Mara Fait, 63 anni: uccisa dal vicino di casa a Rovereteo (Ansa)
Trento, 29 luglio 2023 – Un’infermiera di 63 anni è stata uccisa dal vicino di casa a Noriglio, frazione di Rovereto, nella provincia di Trento. Si chiamava Mara Fait. L’uomo, Shehi Zyba Ilir di 48 anni, si è costituito.
È successo ieri sera intorno alle 20.30, in via Fontani. La donna, ex caposala all’ospedale di Rovereto, è stata aggredita nel piazzale davanti casa, sotto gli occhi dell’anziana madre Bruna. Il figlio trentenne, Lorenzo Giori, infermiere al pronto soccorso, era nell’appartamento e non ha assistito alla scena.
Secondo quanto finora accertato sembra che fra il killer e la donna ci fossero delle accese liti per questioni condominiali.

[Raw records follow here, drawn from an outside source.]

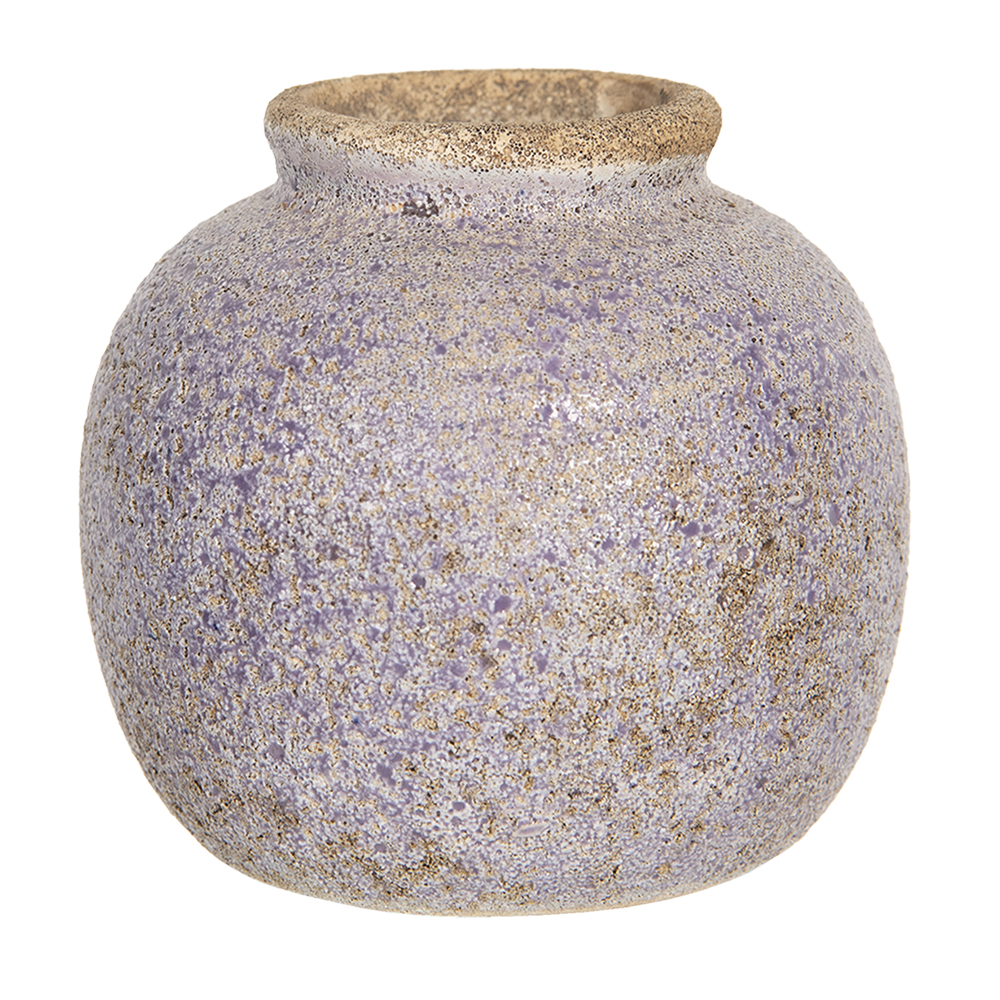 Clayre & Eef | Vaas Paars &oslash; 8x8 cm | 6CE1218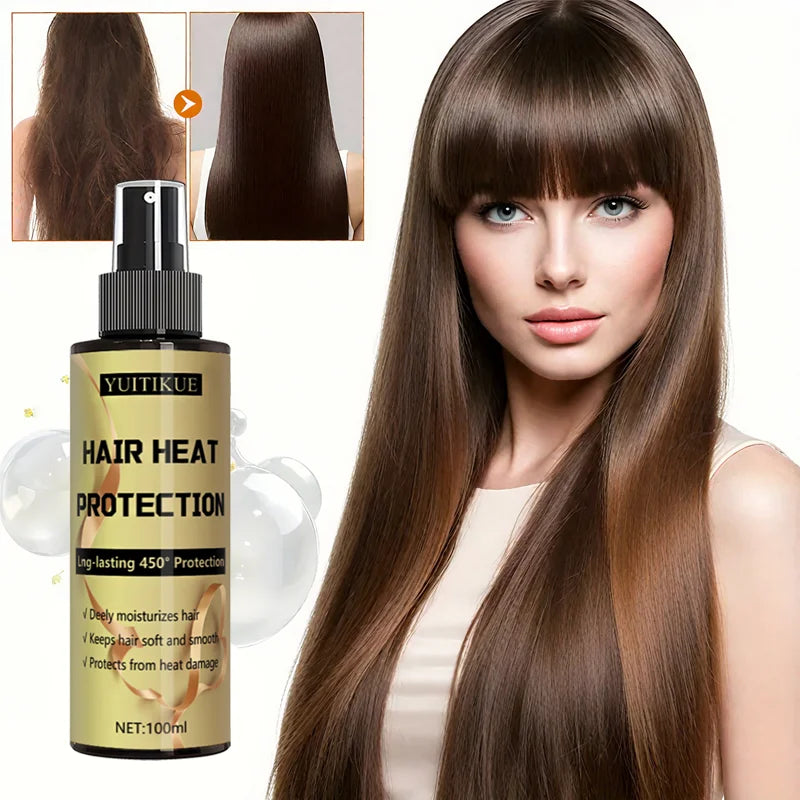 Spray Thermoprotecteur Cheveux | Protection Jusqu'à 230°C | Hydratation Profonde | Doux & Lisse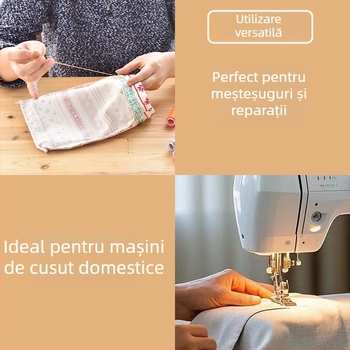 Cutie pentru ață de cusut pentru uz casnic — Fire de cusut de înaltă calitate pentru cusut manual și cu mașina, set mic de bobine (Categorie: Cutie pentru ață de cusut; Import: Nu; Destinație: Uz casnic)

L’ultima sarebbe sfociata poi nel delitto. "La situazione era stata denunciata, ma nulla è stato fatto”, denunciano adesso gli avvocati Flavio Dalbosco e Rosa M. Rizzi, legali della vittima sottolineando che le era stato “negato il codice rosso”.
Il delitto e poi la confessione
La vittima è stata colpita con un’accetta che l’assassino, un operaio edile di origini albanesi, usava per tagliare la legna. Forse l’uomo ha sferrato un solo colpo alla testa, fatale. Ma questo sarà confermato dall’autopsia. L’arma è ora sotto sequestro.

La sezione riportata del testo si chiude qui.